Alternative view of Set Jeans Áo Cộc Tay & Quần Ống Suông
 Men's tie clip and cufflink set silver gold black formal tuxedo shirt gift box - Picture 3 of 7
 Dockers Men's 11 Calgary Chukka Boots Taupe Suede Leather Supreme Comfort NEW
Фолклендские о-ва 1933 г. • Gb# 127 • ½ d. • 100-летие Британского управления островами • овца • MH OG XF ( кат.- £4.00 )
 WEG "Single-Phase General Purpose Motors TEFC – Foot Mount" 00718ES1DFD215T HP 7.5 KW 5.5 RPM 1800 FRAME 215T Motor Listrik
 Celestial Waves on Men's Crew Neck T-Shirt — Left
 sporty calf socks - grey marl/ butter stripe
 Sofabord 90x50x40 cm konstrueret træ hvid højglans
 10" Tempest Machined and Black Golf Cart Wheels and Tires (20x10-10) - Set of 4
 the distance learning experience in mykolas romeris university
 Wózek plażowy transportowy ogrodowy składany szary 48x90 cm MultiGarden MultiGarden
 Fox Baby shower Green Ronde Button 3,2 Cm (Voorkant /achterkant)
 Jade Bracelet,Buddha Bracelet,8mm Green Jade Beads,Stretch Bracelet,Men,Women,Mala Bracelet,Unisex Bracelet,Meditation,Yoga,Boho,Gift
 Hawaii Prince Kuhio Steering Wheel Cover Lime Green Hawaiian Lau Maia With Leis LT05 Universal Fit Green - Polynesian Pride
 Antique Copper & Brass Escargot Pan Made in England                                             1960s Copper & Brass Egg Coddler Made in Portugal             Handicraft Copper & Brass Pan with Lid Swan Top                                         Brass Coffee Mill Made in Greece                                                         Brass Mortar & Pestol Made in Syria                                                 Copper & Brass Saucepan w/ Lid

○ ○ ○ ○ ○ ○ ○

TO DO: Repeat the entries above exactly, beginning at their first line and ending with the line that contains "Dockers Men's 11", with nothing added.

SOLUTION FOR THIS TASK:
Alternative view of Set Jeans Áo Cộc Tay & Quần Ống Suông
 Men's tie clip and cufflink set silver gold black formal tuxedo shirt gift box - Picture 3 of 7
 Dockers Men's 11 Calgary Chukka Boots Taupe Suede Leather Supreme Comfort NEW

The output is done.